Rotating Disk Energy

This solution is long overdue. I will lay out the steps without going into the derivation of each of the results.

Defining the orientation of an arbitrary object in 3D is not trivial. To do so, two coordinate frames are defined. One is the global coordinate frame which is fixed and is an inertial frame of reference. The other is a body fixed coordinate frame oriented such that the local Z axis coincides with the vector normal to the disk. All calculations are carried out in the body fixed frame.

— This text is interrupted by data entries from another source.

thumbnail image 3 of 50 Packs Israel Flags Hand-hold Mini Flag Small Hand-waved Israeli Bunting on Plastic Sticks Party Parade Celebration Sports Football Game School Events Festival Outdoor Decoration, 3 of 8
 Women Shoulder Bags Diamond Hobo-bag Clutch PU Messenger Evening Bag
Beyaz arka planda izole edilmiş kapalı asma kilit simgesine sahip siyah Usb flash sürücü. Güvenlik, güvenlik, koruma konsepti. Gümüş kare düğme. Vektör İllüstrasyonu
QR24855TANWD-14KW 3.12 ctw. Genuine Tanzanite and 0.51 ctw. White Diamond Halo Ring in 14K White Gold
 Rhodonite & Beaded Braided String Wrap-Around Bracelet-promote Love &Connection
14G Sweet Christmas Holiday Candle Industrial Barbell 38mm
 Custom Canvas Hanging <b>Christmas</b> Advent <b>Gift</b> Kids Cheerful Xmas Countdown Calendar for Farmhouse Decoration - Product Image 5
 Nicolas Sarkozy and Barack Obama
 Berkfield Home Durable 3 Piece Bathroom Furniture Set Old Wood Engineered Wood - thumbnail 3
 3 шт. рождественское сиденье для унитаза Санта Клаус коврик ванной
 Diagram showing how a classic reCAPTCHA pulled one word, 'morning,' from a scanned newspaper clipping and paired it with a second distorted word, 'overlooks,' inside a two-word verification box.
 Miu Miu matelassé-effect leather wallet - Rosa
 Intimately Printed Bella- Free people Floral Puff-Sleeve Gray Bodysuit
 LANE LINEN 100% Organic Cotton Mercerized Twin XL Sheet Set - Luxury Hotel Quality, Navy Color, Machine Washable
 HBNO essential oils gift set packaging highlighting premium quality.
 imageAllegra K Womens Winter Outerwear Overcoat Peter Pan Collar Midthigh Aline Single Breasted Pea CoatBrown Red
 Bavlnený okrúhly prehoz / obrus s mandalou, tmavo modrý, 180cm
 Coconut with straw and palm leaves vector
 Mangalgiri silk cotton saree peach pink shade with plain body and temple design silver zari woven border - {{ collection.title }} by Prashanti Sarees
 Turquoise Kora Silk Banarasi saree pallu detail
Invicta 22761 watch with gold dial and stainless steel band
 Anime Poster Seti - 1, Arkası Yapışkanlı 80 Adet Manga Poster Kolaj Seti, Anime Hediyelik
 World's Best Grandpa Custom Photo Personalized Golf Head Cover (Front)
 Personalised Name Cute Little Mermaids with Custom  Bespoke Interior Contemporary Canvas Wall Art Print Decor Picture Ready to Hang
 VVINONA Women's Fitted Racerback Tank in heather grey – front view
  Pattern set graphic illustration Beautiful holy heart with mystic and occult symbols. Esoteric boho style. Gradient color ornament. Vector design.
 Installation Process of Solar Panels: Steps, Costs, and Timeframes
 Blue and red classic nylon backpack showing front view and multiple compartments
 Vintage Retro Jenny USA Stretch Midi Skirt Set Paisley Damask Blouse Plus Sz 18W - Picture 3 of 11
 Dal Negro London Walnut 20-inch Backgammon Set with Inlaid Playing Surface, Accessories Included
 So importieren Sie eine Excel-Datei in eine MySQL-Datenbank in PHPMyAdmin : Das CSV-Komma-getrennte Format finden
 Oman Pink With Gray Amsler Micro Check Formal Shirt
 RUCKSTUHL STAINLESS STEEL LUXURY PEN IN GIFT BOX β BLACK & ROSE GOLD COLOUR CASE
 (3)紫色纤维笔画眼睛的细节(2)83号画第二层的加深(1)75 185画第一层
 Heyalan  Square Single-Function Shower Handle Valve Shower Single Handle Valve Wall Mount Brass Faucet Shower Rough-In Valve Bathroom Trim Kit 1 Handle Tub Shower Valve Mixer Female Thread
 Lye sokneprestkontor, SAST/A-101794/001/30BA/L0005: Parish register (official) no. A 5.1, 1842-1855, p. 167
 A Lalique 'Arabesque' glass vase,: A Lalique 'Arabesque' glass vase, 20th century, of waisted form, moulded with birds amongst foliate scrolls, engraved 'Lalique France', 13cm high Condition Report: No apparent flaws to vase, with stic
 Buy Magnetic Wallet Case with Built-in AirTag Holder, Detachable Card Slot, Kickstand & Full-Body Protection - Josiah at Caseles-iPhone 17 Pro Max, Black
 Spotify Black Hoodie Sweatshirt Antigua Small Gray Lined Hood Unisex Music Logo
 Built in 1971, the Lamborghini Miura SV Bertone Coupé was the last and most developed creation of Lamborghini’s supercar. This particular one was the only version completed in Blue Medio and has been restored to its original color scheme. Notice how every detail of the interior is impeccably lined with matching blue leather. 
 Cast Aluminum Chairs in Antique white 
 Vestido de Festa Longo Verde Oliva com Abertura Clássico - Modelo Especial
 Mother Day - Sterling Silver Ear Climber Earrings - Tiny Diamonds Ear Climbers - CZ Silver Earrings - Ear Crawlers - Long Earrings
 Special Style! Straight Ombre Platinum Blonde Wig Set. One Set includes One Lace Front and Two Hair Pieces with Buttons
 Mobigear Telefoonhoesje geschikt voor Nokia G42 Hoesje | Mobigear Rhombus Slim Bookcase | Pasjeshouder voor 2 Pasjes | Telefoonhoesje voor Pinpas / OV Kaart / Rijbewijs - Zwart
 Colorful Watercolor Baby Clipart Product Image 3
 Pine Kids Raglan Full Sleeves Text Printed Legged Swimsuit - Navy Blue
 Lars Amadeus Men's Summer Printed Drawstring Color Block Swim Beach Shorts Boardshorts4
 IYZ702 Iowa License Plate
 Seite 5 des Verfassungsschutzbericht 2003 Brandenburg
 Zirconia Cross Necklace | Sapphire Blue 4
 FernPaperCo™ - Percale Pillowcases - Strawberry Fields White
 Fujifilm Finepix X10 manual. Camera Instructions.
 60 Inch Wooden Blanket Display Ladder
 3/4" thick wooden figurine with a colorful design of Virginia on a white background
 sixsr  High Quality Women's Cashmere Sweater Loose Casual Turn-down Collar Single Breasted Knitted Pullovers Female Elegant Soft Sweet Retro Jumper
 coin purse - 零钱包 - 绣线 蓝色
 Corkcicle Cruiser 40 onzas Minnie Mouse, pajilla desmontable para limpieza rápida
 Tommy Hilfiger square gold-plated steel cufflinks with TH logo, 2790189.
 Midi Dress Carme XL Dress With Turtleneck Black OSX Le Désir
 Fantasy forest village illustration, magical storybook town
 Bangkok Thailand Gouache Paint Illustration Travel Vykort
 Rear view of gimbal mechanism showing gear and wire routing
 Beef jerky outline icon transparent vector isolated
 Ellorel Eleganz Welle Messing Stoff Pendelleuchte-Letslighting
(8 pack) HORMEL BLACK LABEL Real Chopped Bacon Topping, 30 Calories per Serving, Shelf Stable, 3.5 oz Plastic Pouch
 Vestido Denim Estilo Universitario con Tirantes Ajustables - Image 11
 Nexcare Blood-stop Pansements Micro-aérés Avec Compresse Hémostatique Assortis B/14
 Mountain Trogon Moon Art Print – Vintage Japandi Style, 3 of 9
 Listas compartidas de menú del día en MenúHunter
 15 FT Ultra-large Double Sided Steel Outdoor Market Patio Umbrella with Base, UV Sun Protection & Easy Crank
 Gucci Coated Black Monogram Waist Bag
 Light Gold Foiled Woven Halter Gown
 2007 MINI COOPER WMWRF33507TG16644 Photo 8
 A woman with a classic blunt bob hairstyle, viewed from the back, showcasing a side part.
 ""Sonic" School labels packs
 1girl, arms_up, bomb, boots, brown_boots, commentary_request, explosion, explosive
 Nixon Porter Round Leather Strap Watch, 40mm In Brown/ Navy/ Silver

The moment of inertia of the disk is defined as a matrix as follows:

$I = \left[\begin{matrix}I_{x}&0&0\\0&Iy&0\\0&0&I_z\end{matrix}\right]$

Which evaluates to:

$I = \left[\begin{matrix}\frac{1}{4}MR_d^2&0&0\\0&\frac{1}{4}MR_d^2&0\\0&0&\frac{1}{2}MR_d^2\end{matrix}\right]$

The orientation of the disk is a combination of successive rotations about the global Y axis and the local X axis. The vector normal to the plane of the disk can be rewritten as :

$\hat{n} = \left[\begin{matrix}\cos(\theta)&-\sin(\theta)&0\\ \sin(\theta)&\cos(\theta)&0\\0&0&1\end{matrix}\right] \left[\begin{matrix}\cos(\phi)&0&\sin(\phi)\\ 0&1&0\\-\sin(\phi)&0&\cos(\phi)\end{matrix}\right] \left[\begin{matrix}0\\0\\1\end{matrix}\right]$

The net rotation matrix is defined as :

$R = \left[\begin{matrix}\cos(\theta)&-\sin(\theta)&0\\ \sin(\theta)&\cos(\theta)&0\\0&0&1\end{matrix}\right] \left[\begin{matrix}\cos(\phi)&0&\sin(\phi)\\ 0&1&0\\-\sin(\phi)&0&\cos(\phi)\end{matrix}\right]$

Using this matrix, the angular velocity vector can be derived as follows:

$\tilde{\omega} = R^T\dot{R}$

Where

$\dot{R} = \frac{\partial R}{\partial \phi} \dot{\phi} + \frac{\partial R}{\partial \theta} \dot{\theta}$

The angular velocity vector is obtained by taking the elements of the matrix $\tilde{\omega}$ as follows:

$\vec{\omega} = (\tilde{\omega}(3,2),\tilde{\omega}(1,3),\tilde{\omega}(2,1))$

or

$\omega = \left[\begin{matrix}\tilde{\omega}(3,2)\\\tilde{\omega}(1,3)\\\tilde{\omega}(2,1)\end{matrix}\right]$

From here, the expression of kinetic energy is:

$KE = \frac{1}{2}\omega^TI\omega$

The expression comes out to be:

$KE = \frac{{\mathrm{\dot{\phi}}}^2}{8}-\frac{{\mathrm{\dot{\theta}}}^2\,{\sin\left(\phi \right)}^2}{8}+\frac{{\mathrm{\dot{\theta}}}^2}{4}$

Note that the expression is independent of the angle $\theta$ . I realise this approach may seem very abstract but this is the method I used to arrive at the answer. If necessary, I will update the solution to provide more clarity. I recommend referring to the solution provided by Steven Chase.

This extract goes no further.